WORK INSTRUCTIONS —
Please copy exactly the part of the records below that opens with the line containing "Espanha - Peseta 100 - 2000" and closes with the line containing "Moderner minimalistischer Massivholz-Ökobrett-Rechteckiger", leaving out any pictures.

GIVEN RECORDS —
--------------------
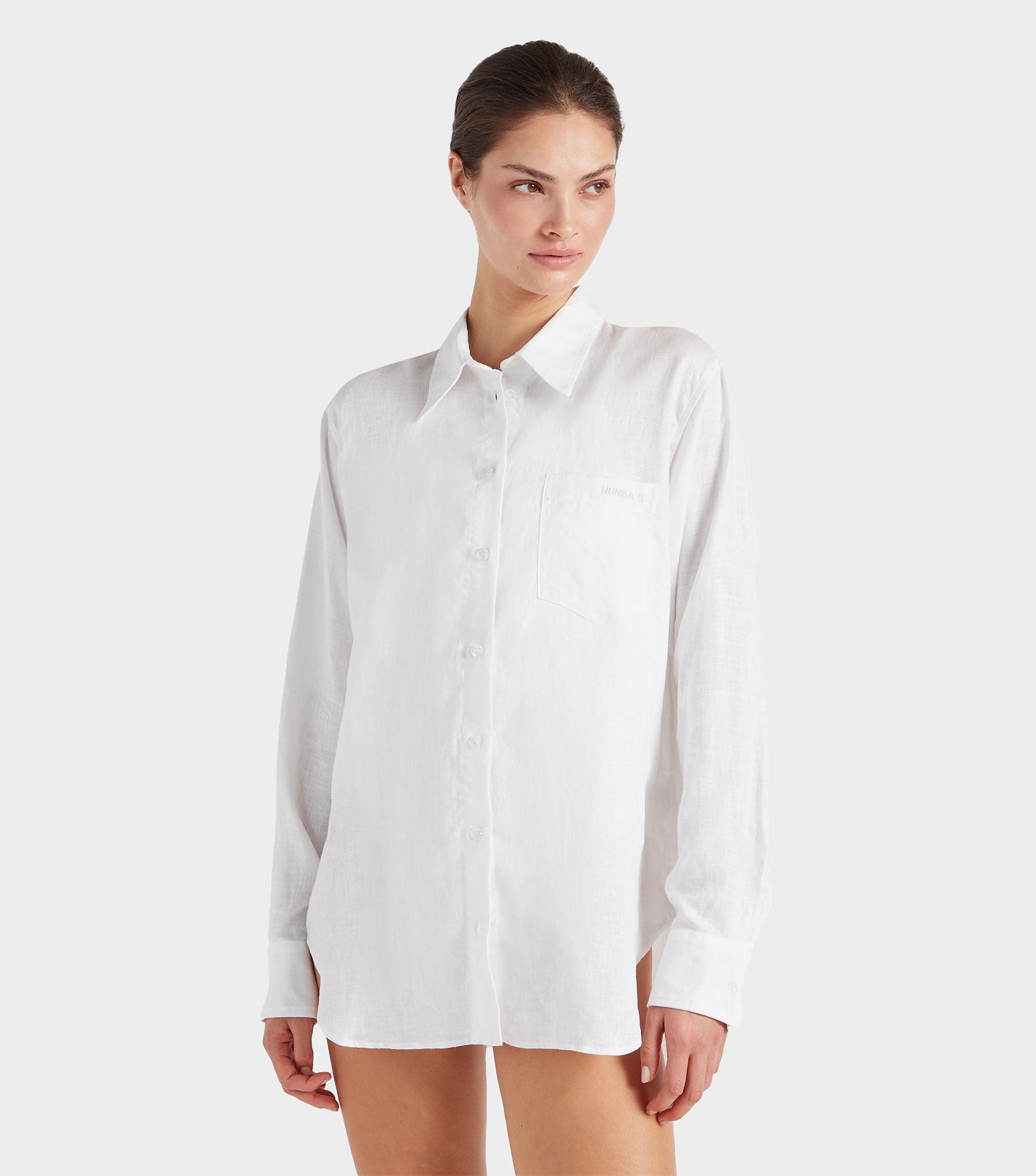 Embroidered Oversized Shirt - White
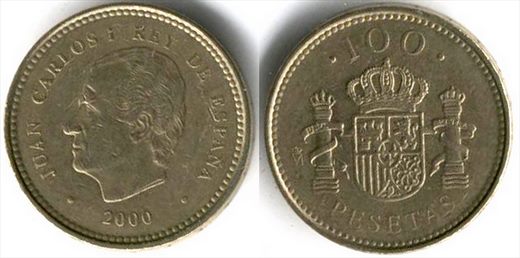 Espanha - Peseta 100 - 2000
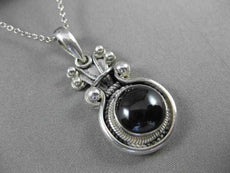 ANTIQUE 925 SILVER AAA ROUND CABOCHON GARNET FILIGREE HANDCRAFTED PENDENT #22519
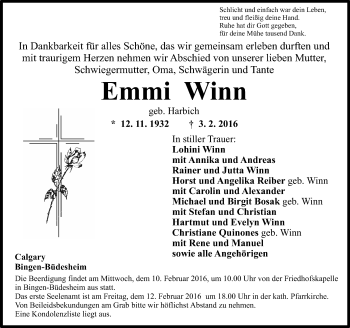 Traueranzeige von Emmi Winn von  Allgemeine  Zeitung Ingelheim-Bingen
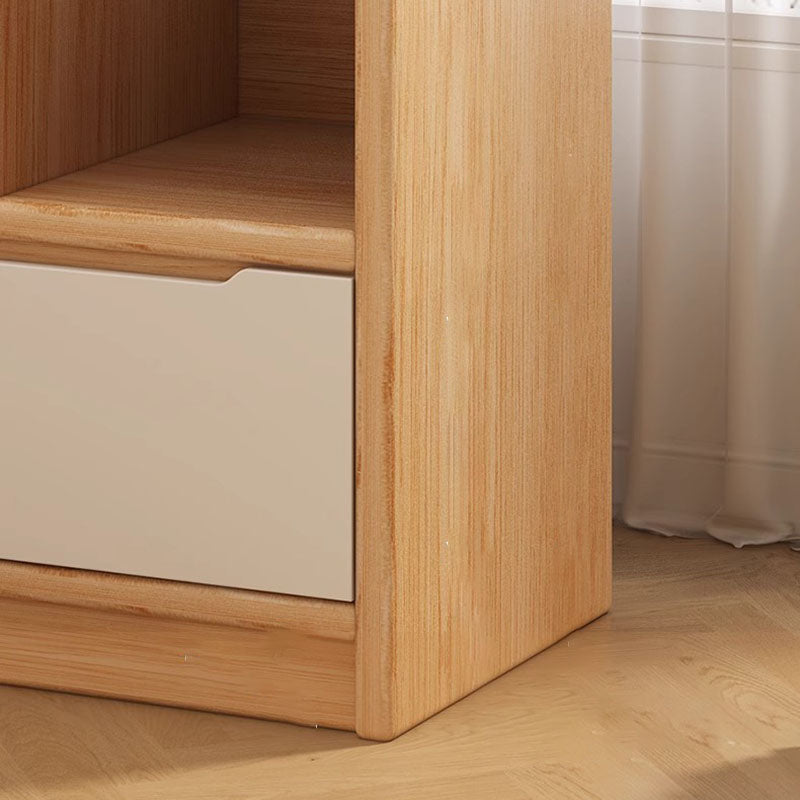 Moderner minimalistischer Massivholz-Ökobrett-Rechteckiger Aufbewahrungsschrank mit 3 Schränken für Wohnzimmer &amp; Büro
--------------------
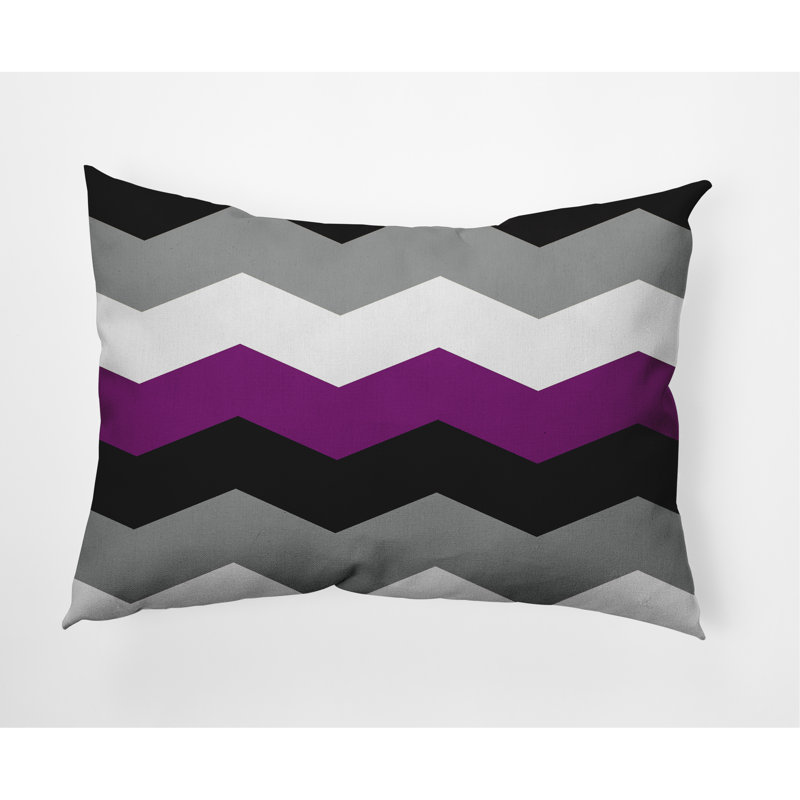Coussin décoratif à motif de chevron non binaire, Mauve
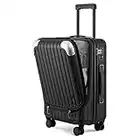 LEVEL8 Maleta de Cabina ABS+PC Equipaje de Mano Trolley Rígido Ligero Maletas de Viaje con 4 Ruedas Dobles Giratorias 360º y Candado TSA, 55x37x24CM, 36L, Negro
--------------------
EXERCISE RESPONSE —
 Espanha - Peseta 100 - 2000
 ANTIQUE 925 SILVER AAA ROUND CABOCHON GARNET FILIGREE HANDCRAFTED PENDENT #22519
 Traueranzeige von Emmi Winn von  Allgemeine  Zeitung Ingelheim-Bingen
 Moderner minimalistischer Massivholz-Ökobrett-Rechteckiger Aufbewahrungsschrank mit 3 Schränken für Wohnzimmer &amp; Büro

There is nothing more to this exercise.